Crawled caption data
##########
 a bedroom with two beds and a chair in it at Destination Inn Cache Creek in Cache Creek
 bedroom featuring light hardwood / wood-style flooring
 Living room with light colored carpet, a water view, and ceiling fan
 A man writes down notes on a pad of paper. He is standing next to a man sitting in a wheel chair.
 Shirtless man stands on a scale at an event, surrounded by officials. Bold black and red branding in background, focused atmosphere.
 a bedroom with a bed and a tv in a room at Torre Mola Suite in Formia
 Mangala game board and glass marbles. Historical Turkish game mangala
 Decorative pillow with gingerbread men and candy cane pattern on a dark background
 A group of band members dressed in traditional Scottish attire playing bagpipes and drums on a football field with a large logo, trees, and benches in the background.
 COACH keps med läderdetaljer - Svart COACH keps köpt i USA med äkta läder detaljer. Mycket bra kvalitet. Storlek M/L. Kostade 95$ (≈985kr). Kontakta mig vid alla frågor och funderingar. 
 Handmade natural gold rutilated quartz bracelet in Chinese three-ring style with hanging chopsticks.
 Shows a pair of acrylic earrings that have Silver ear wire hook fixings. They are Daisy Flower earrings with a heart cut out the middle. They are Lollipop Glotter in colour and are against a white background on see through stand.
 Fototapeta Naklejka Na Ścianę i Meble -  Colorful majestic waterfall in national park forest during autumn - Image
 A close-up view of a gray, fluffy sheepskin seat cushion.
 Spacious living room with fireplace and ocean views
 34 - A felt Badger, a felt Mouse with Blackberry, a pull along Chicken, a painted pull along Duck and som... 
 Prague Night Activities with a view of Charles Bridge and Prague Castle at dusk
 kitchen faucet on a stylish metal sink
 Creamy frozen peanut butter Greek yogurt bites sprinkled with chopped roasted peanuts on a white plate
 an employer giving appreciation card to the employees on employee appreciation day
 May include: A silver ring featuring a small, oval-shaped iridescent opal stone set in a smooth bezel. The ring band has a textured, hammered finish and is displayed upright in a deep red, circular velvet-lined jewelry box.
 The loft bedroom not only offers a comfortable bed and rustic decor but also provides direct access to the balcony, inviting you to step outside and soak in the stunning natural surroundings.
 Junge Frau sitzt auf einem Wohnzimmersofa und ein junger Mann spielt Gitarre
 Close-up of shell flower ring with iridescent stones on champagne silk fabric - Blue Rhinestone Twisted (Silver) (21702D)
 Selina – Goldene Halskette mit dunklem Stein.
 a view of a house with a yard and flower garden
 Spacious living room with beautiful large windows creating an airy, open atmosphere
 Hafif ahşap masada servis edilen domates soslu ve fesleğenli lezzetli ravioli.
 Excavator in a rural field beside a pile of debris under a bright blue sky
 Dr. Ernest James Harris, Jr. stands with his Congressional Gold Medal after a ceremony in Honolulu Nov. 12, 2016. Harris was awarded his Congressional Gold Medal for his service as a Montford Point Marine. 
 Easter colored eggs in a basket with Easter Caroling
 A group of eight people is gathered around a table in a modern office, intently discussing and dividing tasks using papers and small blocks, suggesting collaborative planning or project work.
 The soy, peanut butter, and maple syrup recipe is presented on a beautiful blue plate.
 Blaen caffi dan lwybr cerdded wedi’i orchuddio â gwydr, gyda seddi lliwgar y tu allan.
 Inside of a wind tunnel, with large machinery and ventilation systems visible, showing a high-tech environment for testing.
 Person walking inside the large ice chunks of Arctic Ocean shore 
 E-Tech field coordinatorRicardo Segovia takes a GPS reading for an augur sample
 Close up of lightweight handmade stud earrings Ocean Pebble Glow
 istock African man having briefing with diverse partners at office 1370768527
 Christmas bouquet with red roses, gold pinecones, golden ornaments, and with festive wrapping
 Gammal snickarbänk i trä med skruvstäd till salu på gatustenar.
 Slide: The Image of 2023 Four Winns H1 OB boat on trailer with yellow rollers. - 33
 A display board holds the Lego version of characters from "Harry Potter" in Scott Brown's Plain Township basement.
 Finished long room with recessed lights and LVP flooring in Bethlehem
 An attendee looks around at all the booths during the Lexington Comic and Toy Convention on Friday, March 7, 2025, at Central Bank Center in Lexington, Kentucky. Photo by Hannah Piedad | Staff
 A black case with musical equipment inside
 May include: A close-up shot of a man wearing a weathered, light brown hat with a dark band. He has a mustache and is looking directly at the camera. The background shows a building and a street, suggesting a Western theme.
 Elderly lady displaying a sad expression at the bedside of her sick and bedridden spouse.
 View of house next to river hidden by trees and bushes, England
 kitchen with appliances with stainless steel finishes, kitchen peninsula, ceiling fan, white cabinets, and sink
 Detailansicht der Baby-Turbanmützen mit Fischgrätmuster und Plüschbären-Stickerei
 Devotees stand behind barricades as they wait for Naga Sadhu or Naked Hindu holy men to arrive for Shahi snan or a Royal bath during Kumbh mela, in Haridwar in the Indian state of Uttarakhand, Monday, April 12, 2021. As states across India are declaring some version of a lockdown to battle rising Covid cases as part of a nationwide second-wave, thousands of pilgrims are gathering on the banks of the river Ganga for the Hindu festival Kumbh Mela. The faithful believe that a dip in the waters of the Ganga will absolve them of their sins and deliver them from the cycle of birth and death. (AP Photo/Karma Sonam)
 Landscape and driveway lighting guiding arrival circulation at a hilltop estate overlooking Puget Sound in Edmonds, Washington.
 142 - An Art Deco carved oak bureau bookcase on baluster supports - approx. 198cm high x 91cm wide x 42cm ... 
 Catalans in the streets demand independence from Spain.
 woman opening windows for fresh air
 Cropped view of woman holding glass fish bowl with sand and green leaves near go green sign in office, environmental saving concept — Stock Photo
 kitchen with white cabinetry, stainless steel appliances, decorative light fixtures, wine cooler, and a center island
##########
» Task goal:
Would you please print every record exactly as written?

» Solution to this problem:
 a bedroom with two beds and a chair in it at Destination Inn Cache Creek in Cache Creek
 bedroom featuring light hardwood / wood-style flooring
 Living room with light colored carpet, a water view, and ceiling fan
 A man writes down notes on a pad of paper. He is standing next to a man sitting in a wheel chair.
 Shirtless man stands on a scale at an event, surrounded by officials. Bold black and red branding in background, focused atmosphere.
 a bedroom with a bed and a tv in a room at Torre Mola Suite in Formia
 Mangala game board and glass marbles. Historical Turkish game mangala
 Decorative pillow with gingerbread men and candy cane pattern on a dark background
 A group of band members dressed in traditional Scottish attire playing bagpipes and drums on a football field with a large logo, trees, and benches in the background.
 COACH keps med läderdetaljer - Svart COACH keps köpt i USA med äkta läder detaljer. Mycket bra kvalitet. Storlek M/L. Kostade 95$ (≈985kr). Kontakta mig vid alla frågor och funderingar. 
 Handmade natural gold rutilated quartz bracelet in Chinese three-ring style with hanging chopsticks.
 Shows a pair of acrylic earrings that have Silver ear wire hook fixings. They are Daisy Flower earrings with a heart cut out the middle. They are Lollipop Glotter in colour and are against a white background on see through stand.
 Fototapeta Naklejka Na Ścianę i Meble -  Colorful majestic waterfall in national park forest during autumn - Image
 A close-up view of a gray, fluffy sheepskin seat cushion.
 Spacious living room with fireplace and ocean views
 34 - A felt Badger, a felt Mouse with Blackberry, a pull along Chicken, a painted pull along Duck and som... 
 Prague Night Activities with a view of Charles Bridge and Prague Castle at dusk
 kitchen faucet on a stylish metal sink
 Creamy frozen peanut butter Greek yogurt bites sprinkled with chopped roasted peanuts on a white plate
 an employer giving appreciation card to the employees on employee appreciation day
 May include: A silver ring featuring a small, oval-shaped iridescent opal stone set in a smooth bezel. The ring band has a textured, hammered finish and is displayed upright in a deep red, circular velvet-lined jewelry box.
 The loft bedroom not only offers a comfortable bed and rustic decor but also provides direct access to the balcony, inviting you to step outside and soak in the stunning natural surroundings.
 Junge Frau sitzt auf einem Wohnzimmersofa und ein junger Mann spielt Gitarre
 Close-up of shell flower ring with iridescent stones on champagne silk fabric - Blue Rhinestone Twisted (Silver) (21702D)
 Selina – Goldene Halskette mit dunklem Stein.
 a view of a house with a yard and flower garden
 Spacious living room with beautiful large windows creating an airy, open atmosphere
 Hafif ahşap masada servis edilen domates soslu ve fesleğenli lezzetli ravioli.
 Excavator in a rural field beside a pile of debris under a bright blue sky
 Dr. Ernest James Harris, Jr. stands with his Congressional Gold Medal after a ceremony in Honolulu Nov. 12, 2016. Harris was awarded his Congressional Gold Medal for his service as a Montford Point Marine. 
 Easter colored eggs in a basket with Easter Caroling
 A group of eight people is gathered around a table in a modern office, intently discussing and dividing tasks using papers and small blocks, suggesting collaborative planning or project work.
 The soy, peanut butter, and maple syrup recipe is presented on a beautiful blue plate.
 Blaen caffi dan lwybr cerdded wedi’i orchuddio â gwydr, gyda seddi lliwgar y tu allan.
 Inside of a wind tunnel, with large machinery and ventilation systems visible, showing a high-tech environment for testing.
 Person walking inside the large ice chunks of Arctic Ocean shore 
 E-Tech field coordinatorRicardo Segovia takes a GPS reading for an augur sample
 Close up of lightweight handmade stud earrings Ocean Pebble Glow
 istock African man having briefing with diverse partners at office 1370768527
 Christmas bouquet with red roses, gold pinecones, golden ornaments, and with festive wrapping
 Gammal snickarbänk i trä med skruvstäd till salu på gatustenar.
 Slide: The Image of 2023 Four Winns H1 OB boat on trailer with yellow rollers. - 33
 A display board holds the Lego version of characters from "Harry Potter" in Scott Brown's Plain Township basement.
 Finished long room with recessed lights and LVP flooring in Bethlehem
 An attendee looks around at all the booths during the Lexington Comic and Toy Convention on Friday, March 7, 2025, at Central Bank Center in Lexington, Kentucky. Photo by Hannah Piedad | Staff
 A black case with musical equipment inside
 May include: A close-up shot of a man wearing a weathered, light brown hat with a dark band. He has a mustache and is looking directly at the camera. The background shows a building and a street, suggesting a Western theme.
 Elderly lady displaying a sad expression at the bedside of her sick and bedridden spouse.
 View of house next to river hidden by trees and bushes, England
 kitchen with appliances with stainless steel finishes, kitchen peninsula, ceiling fan, white cabinets, and sink
 Detailansicht der Baby-Turbanmützen mit Fischgrätmuster und Plüschbären-Stickerei
 Devotees stand behind barricades as they wait for Naga Sadhu or Naked Hindu holy men to arrive for Shahi snan or a Royal bath during Kumbh mela, in Haridwar in the Indian state of Uttarakhand, Monday, April 12, 2021. As states across India are declaring some version of a lockdown to battle rising Covid cases as part of a nationwide second-wave, thousands of pilgrims are gathering on the banks of the river Ganga for the Hindu festival Kumbh Mela. The faithful believe that a dip in the waters of the Ganga will absolve them of their sins and deliver them from the cycle of birth and death. (AP Photo/Karma Sonam)
 Landscape and driveway lighting guiding arrival circulation at a hilltop estate overlooking Puget Sound in Edmonds, Washington.
 142 - An Art Deco carved oak bureau bookcase on baluster supports - approx. 198cm high x 91cm wide x 42cm ... 
 Catalans in the streets demand independence from Spain.
 woman opening windows for fresh air
 Cropped view of woman holding glass fish bowl with sand and green leaves near go green sign in office, environmental saving concept — Stock Photo
 kitchen with white cabinetry, stainless steel appliances, decorative light fixtures, wine cooler, and a center island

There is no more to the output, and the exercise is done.